According to Tuesday’s statement by the Administrative Office of Pennsylvania Courts, the statewide suspension of time calculations and deadlines “provided for in the court’s previous orders will end effective May 11, 2020,” and “president judges are given substantial discretion in the enforcement of deadlines, with due regard for public safety.”
A block on the “dispossession of property are extended until May 11, at which point they will end,” but “there may be restraints on some actions related to dispossession of property imposed by other sources, including the federal CARES Act,” the statement reads.
The court released more information filings, time limitations and deadlines, including:
- “Suspension of time calculations and deadlines outlined in the Court’s previous Orders will end May 11, 2020;
- Prior orders related to payments to Magisterial District Courts are extended until May 11, 2020.
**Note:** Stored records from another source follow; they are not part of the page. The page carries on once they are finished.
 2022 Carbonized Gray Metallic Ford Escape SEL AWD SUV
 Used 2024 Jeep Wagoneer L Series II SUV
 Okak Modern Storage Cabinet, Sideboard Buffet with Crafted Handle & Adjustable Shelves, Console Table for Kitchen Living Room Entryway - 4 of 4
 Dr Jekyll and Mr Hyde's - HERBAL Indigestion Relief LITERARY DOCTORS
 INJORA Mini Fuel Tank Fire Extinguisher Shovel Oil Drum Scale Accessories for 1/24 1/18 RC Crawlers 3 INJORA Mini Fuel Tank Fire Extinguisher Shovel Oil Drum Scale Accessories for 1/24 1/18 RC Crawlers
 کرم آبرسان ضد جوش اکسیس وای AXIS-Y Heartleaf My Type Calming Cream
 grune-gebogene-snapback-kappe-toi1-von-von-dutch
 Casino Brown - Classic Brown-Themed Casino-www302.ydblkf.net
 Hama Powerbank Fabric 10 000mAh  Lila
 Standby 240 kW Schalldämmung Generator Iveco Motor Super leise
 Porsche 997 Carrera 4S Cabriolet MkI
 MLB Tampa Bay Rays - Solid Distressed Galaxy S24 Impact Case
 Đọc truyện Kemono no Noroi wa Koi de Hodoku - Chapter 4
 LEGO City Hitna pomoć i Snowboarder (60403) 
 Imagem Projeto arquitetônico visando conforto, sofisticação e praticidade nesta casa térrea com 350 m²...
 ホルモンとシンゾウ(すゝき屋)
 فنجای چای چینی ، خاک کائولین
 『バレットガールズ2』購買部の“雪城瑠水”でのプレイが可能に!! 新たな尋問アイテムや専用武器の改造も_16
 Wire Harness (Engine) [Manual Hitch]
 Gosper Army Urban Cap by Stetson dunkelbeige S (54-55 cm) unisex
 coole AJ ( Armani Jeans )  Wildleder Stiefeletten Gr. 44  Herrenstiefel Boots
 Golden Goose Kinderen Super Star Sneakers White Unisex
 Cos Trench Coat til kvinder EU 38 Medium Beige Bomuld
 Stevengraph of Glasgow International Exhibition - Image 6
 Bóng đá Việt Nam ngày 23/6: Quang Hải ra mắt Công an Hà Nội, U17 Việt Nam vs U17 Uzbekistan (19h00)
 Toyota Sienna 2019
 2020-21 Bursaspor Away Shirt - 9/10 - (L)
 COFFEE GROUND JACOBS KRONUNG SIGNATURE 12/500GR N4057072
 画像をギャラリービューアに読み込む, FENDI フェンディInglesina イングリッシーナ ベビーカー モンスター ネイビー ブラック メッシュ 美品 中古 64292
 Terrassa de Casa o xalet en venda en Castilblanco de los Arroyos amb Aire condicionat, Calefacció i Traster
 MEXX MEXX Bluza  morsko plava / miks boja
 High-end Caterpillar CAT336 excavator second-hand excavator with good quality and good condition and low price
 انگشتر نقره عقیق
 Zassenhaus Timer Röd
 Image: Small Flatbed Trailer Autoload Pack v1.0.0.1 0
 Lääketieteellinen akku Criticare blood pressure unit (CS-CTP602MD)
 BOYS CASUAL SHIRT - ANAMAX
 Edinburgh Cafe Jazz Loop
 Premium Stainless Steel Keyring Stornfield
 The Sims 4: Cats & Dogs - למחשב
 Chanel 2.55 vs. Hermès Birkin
- Court filings should be by means other than in-person delivery whenever possible;
- Self-represented litigants or attorneys who believe the enforcement of time deadlines pose a danger to health and safety may file a certification with the court for consideration;
- Attorneys are encouraged to conduct depositions remotely; and
- Deposition of and required appearances for doctors, nurses, or other healthcare professionals substantially involved in responding to the COVID-19 pandemic are suspended through June 1.”
Jury trials, for both civil and criminal matters remain on indefinite hold and will be scheduled “for a date in the future,” the statement reads. An overall statewide judicial emergency, declared in March, has been extended to June 1, according to the statement.